治療開始当初の「フリュザクラ」は、これまで経験した抗がん剤とは違い、思いがけない副作用に悩まされました。
口内炎が悪化して歯槽膿漏となり、最終的に1本の歯を失うことに。食欲はあっても、食べるたびに痛みが走り、本当に気の毒でした。それでもエンシュアを摂取できたことで、栄養不足にはならなかったように思います。
ただ、身体の痛みとだるさは強く、ベッドから起き上がるのもやっとの状態。トイレに行こうとしても間に合わないこともあり、衣類の交換や後始末に追われることもありました。
副作用だと分かってはいても、このままでは通院も難しくなるのでは…と不安が募りました。訪問診療や訪問介護への切り替えも考えざるを得ず、介護する側としても気持ちが沈みかけた時期です。
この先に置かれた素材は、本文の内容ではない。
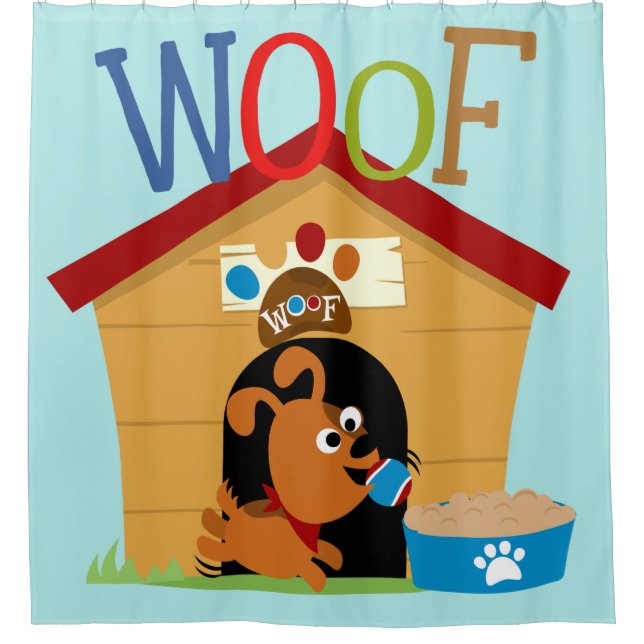 Animals Woof Dog in Doghouse Puppy Shower Curtain (Front)
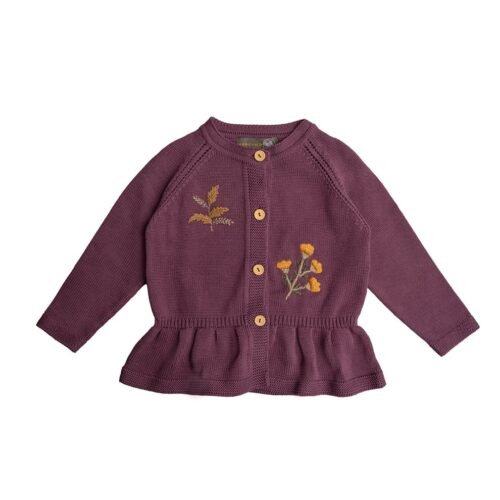Cardigan din bumbac organic tricotat Alma, Hanevild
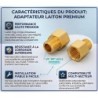 Lot de 2 adaptateurs laiton 1/4" NPT femelle vers 1/8" NPT mâle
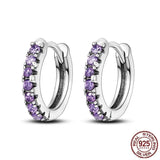 Heart-Shaped Hoop Earrings 925 Silver Zircon Fine Jewelry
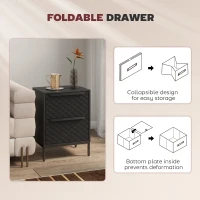 HOMCOM Chest of Drawers, Dresser with 2 Fabric Drawers and Aluminium Handles - Black(m-6)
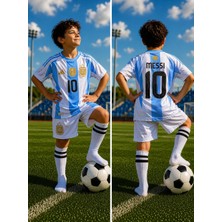Sidas Arjantin Lionel Messi Mavi-Beyaz Dünya Kupası Finali Çocuk Forma Takımı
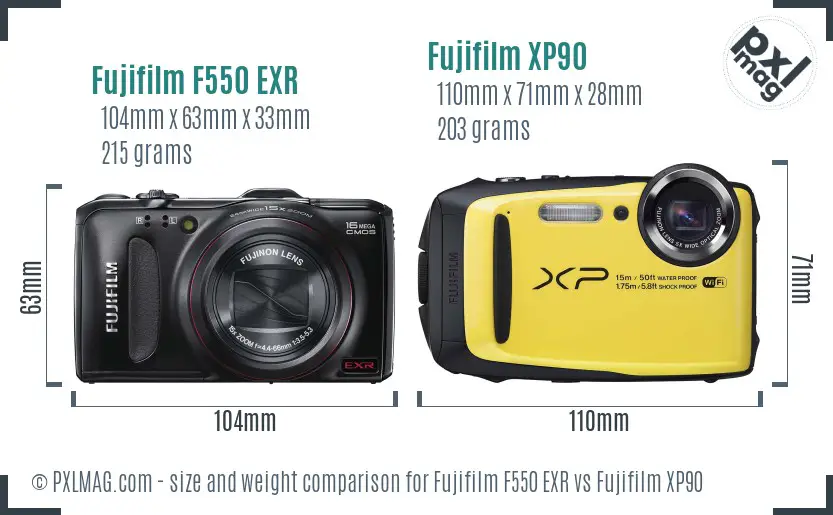 Fujifilm F550 EXR vs Fujifilm XP90 size comparison
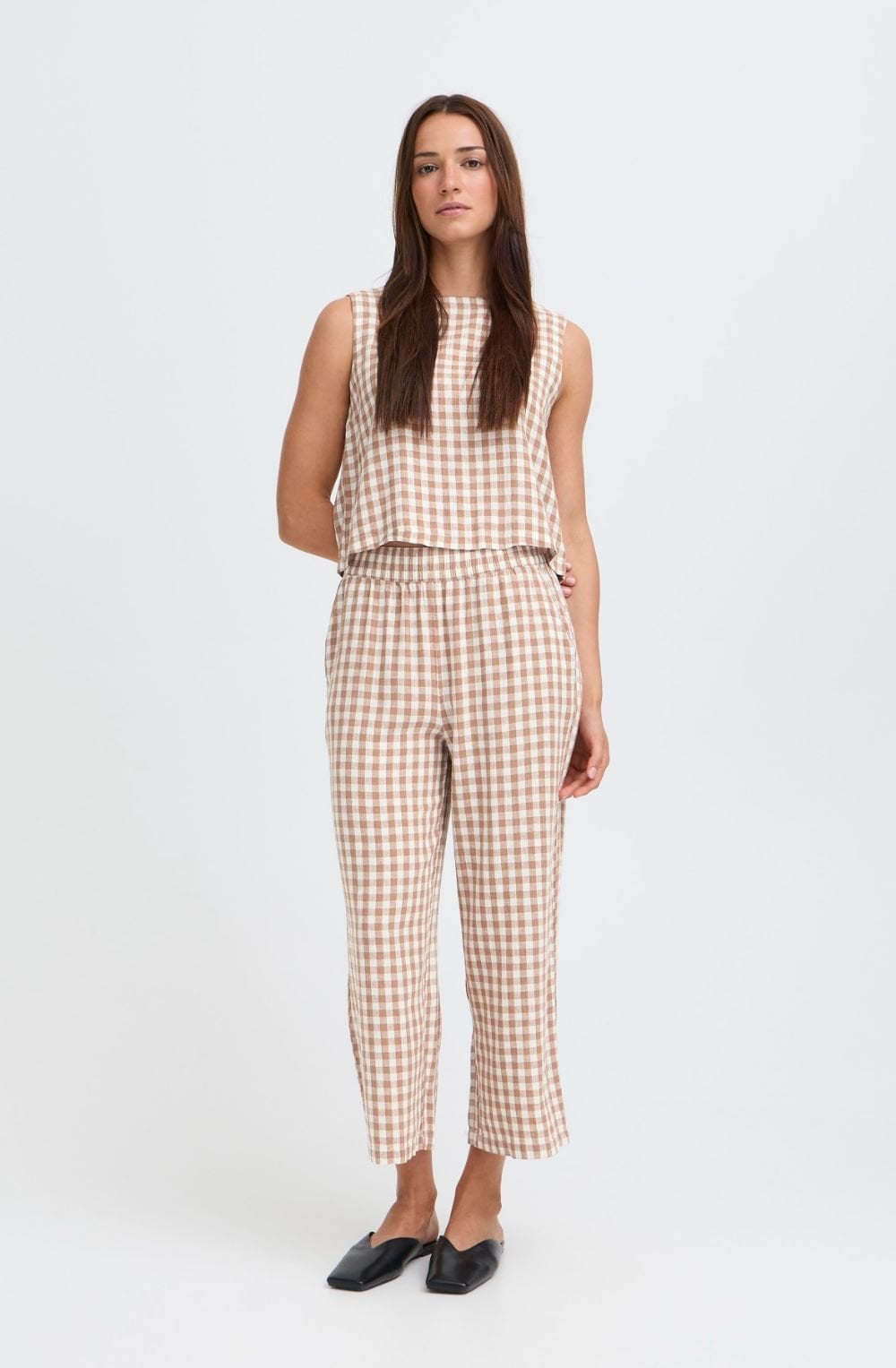 Woodsmoke Check Linen Mix Button Back Blouse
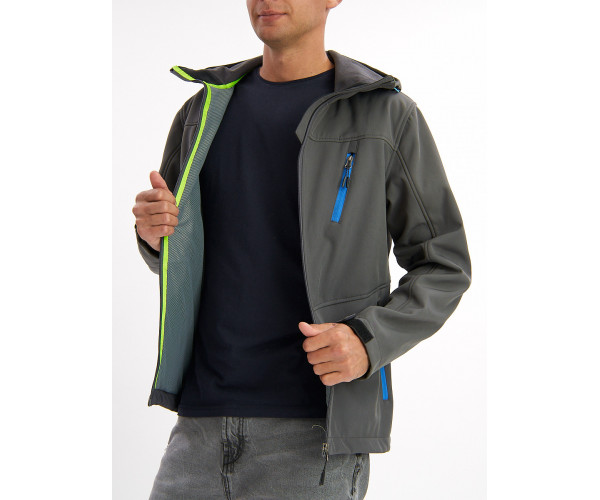 Ветровка мужская серого цвета 776Sr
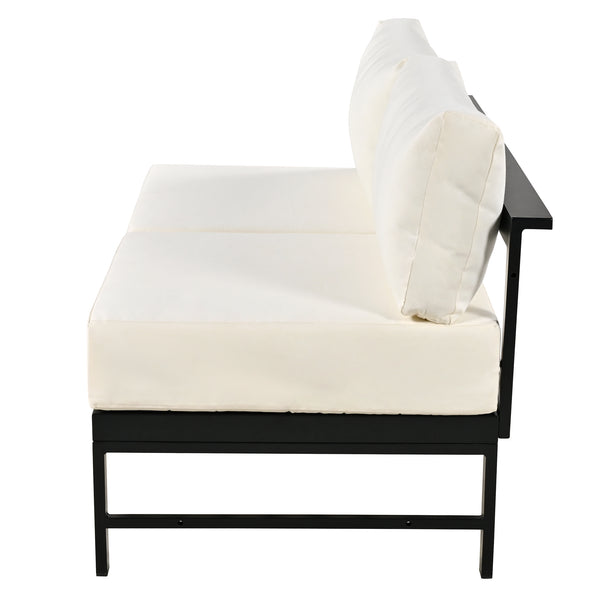 English Elm U_style Outdoor U-shaped Sectional with Iron Frame and Ultra Thick Foam Patio Seating WY000478AAA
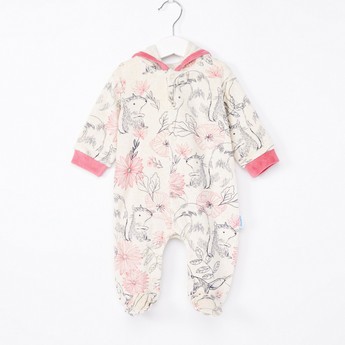 Juniors All-Over Floral Print Closed Feet Sleepsuit with Long Sleeves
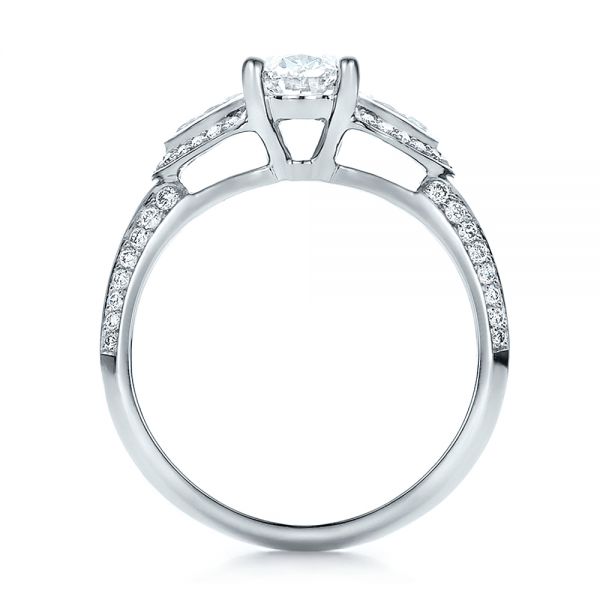 14k White Gold Custom Three Stone Diamond Engagement Ring - Front View - 100279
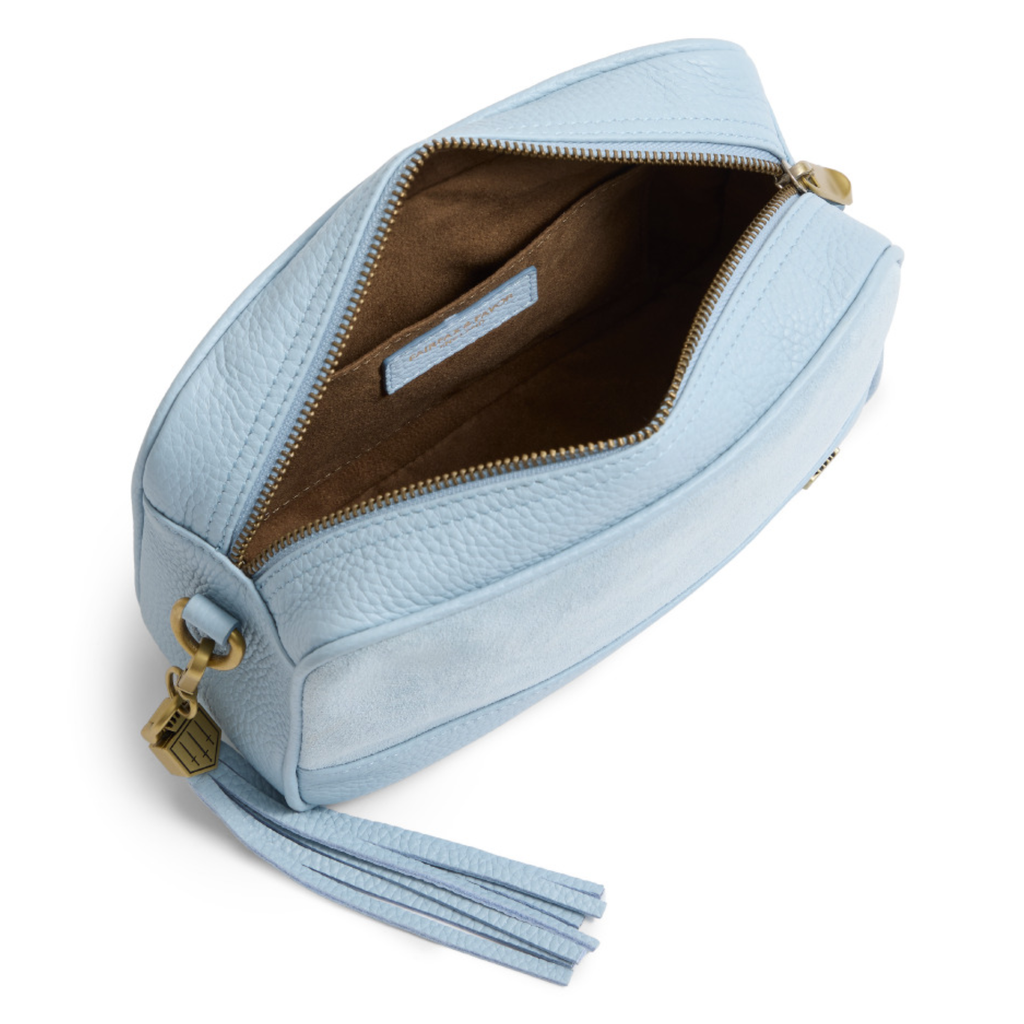 Fairfax and Favor Finsbury Cross Body Bag - Sky Blue Suede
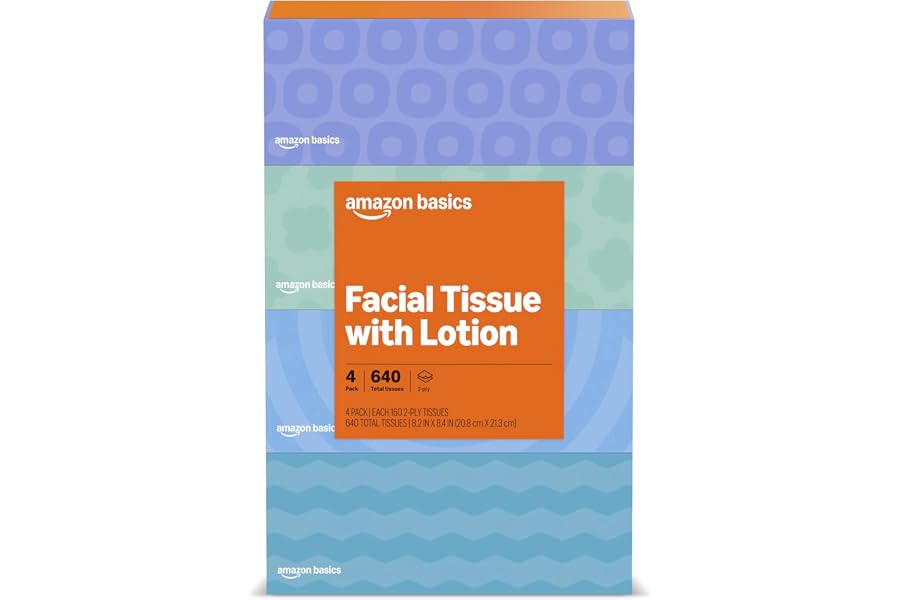 Amazon Basics Facial Tissue, 2-Ply, 640 Count (4 Packs of 160), (Packaging may vary)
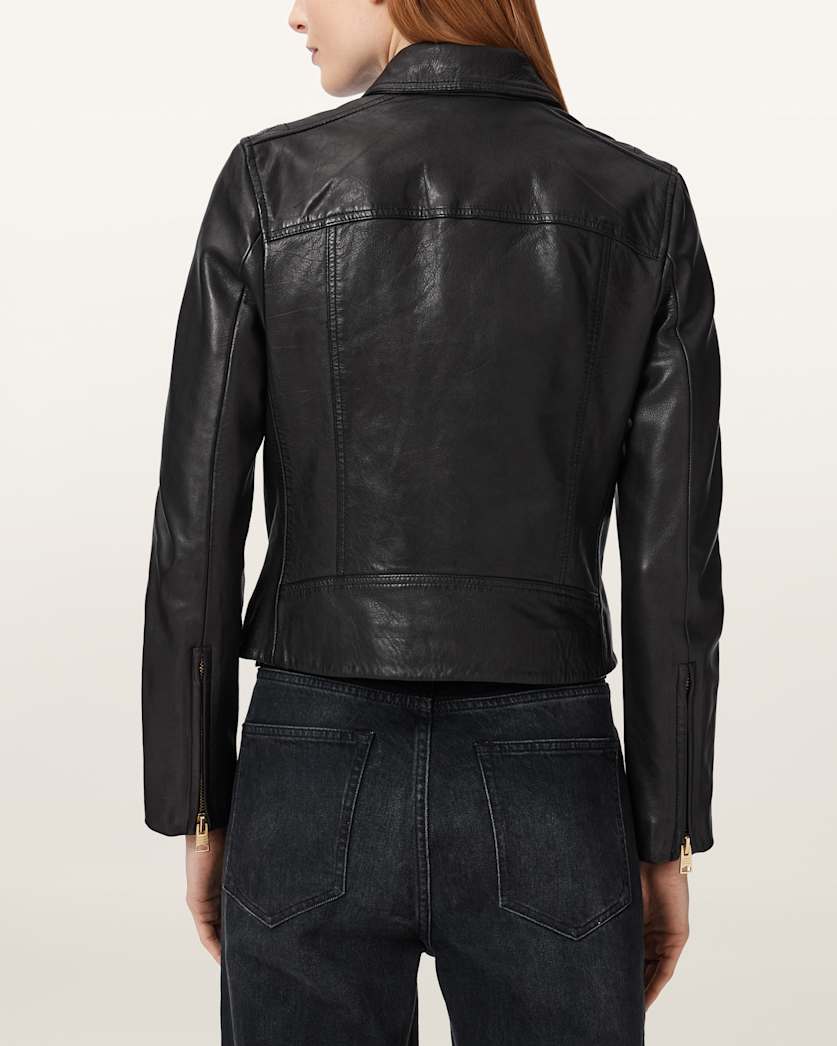 Dalby Slim Fit Leather Biker Jacket
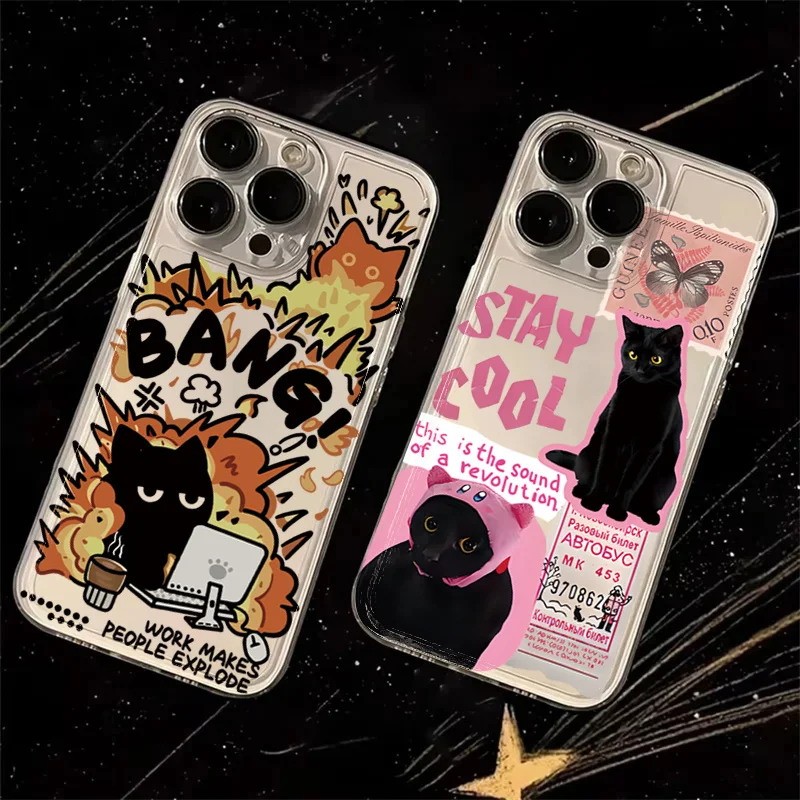 Etiqueta Engraçada Gato Preto Irritado Caso Capa Para Samsung Galaxy A57 A56 A26 A55 A35 A36 A54 A14 A16 A15 A34 A52 A05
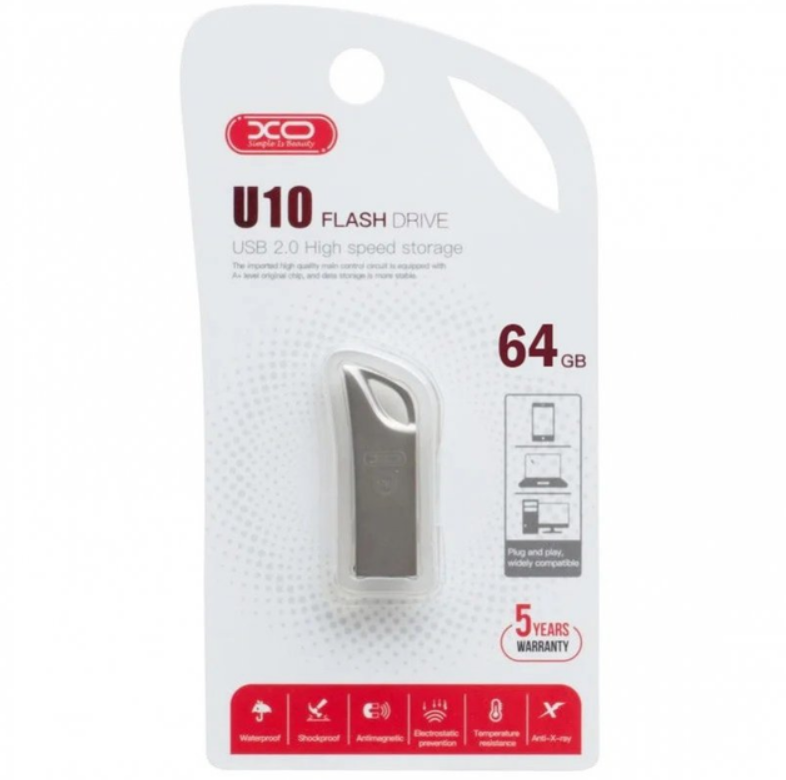 Флеш-память Xo U10 USB 2.0 64 Gb Steel (MAW-41585_226)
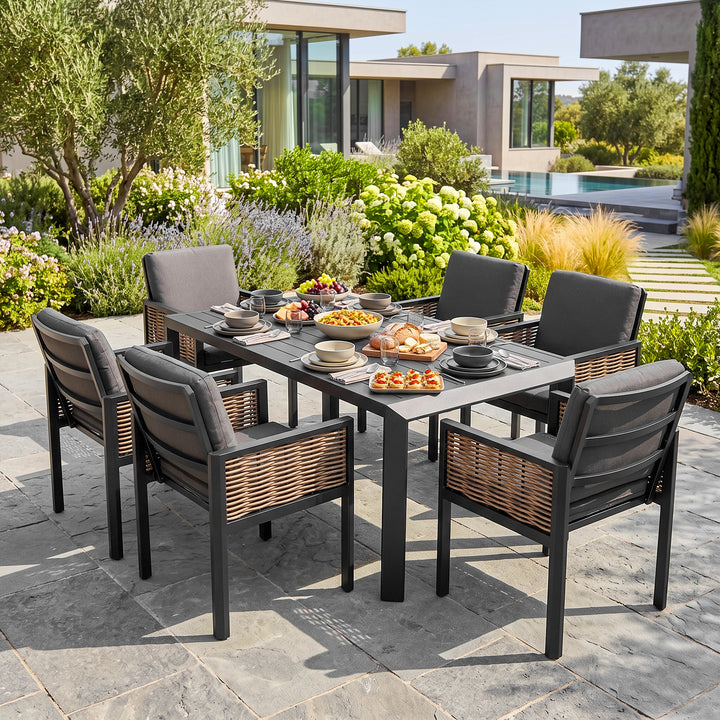 7-Piece Aluminum Wicker Outdoor Dining Set with Zippered Cushions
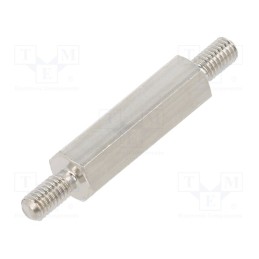 10 pcs x DREMEC - 414X18K - Screwed spacer sleeve, 18mm, Ext.thread: M3, hexagonal, brass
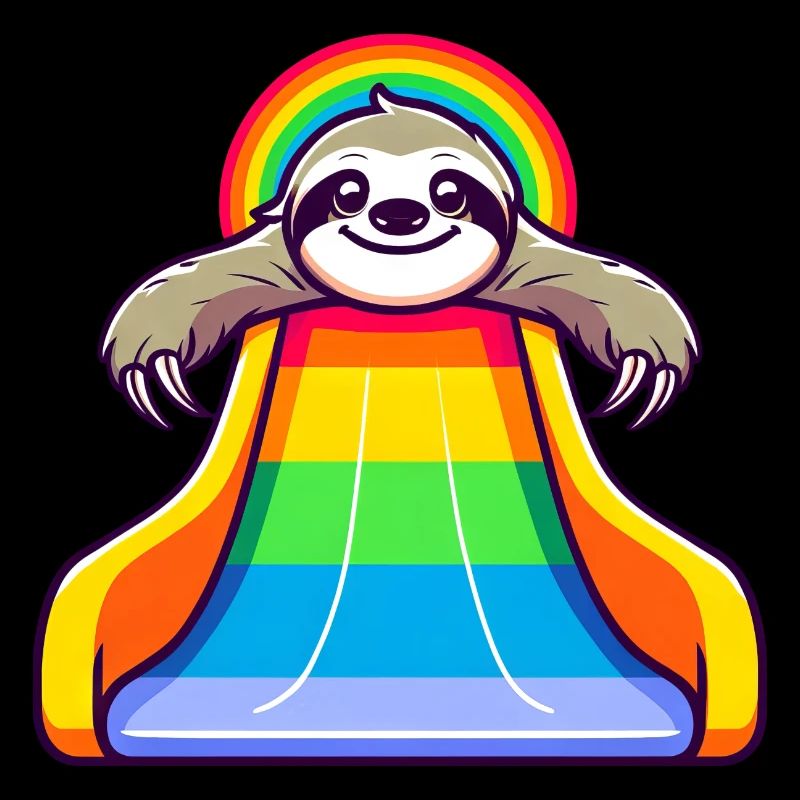 LGBTQ Pride Sloth Rainbow Slide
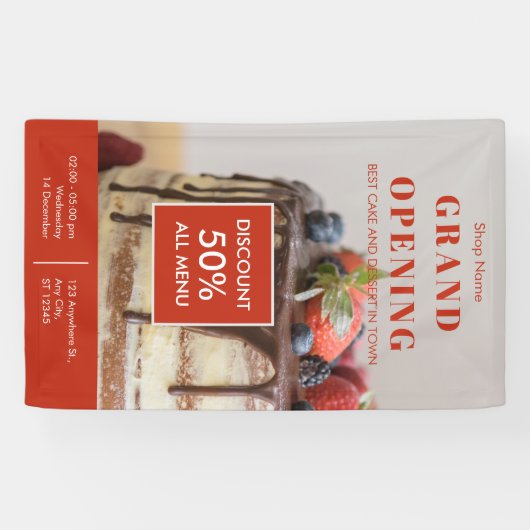 ケーキベーカリースモールビジネスグランドオープン 横断幕 (横)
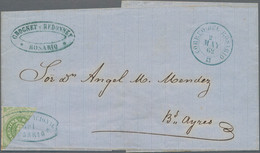 Argentinien: 1862 10c. Green BISECTED Diagonally, Used On Folded Cover From Rosario To Buenos Aires, - Altri & Non Classificati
直腸がんとの闘病生活はすでに5年以上になりますが、「フリュザクラ」開始直後の数週間が、これまでで最もつらい時期だったと思います。
そんな厳しい状況の中でも、夫は冷静さを失うことなく、自分の体調を詳細に記録するようになりました。
私も麻薬性鎮痛剤の服用時間などを簡単にメモしていましたが、夫のほうがむしろ主体的に記録を取るようになりました。
服用量はもちろん、痛みの度合いやエンシュアの摂取量、バイタル、排便・排尿の状況など――研究者としての経験を生かした、実に緻密な記録です。
夫は「記録しておくと、体の調子がよく分かるからね」と話し、自分の体を客観的に見つめていました。
特に、体内の老廃物がしっかり排出されているかどうかに強い関心を持っており、むくみを防ぐための利尿剤の効果なども丁寧にチェックしていました。
科学者としての姿勢が、闘病の中にも生かされているのだと、改めて感じます。
夫は過酷な治療も「自分の体で実験しているようなもの」と捉え、「こうした経験ができること自体がありがたい」と話します。
現在受けている分子標的治療薬「フリュザクラ」は、尿たんぱくが出やすく、腎機能への影響が懸念される薬剤です。
服用量と休薬のバランスを取りながら、どこまで継続できるかは分かりません。
それでも夫は、「少しでも長く治療を続けたい」と前向きであり、「自分の経験が、今後の治療に少しでも役立つなら本望だ」とも言います。
その言葉に、私もただ祈るばかりです。夫の願いが叶い、穏やかな日々が少しでも長く続きますように。
治療の道のりは決して平坦ではありませんが、夫の冷静な姿勢と前向きな言葉に、私自身も励まされています。
焦らず、今できることを大切にしながら、これからも共に歩んでいきたいと思います。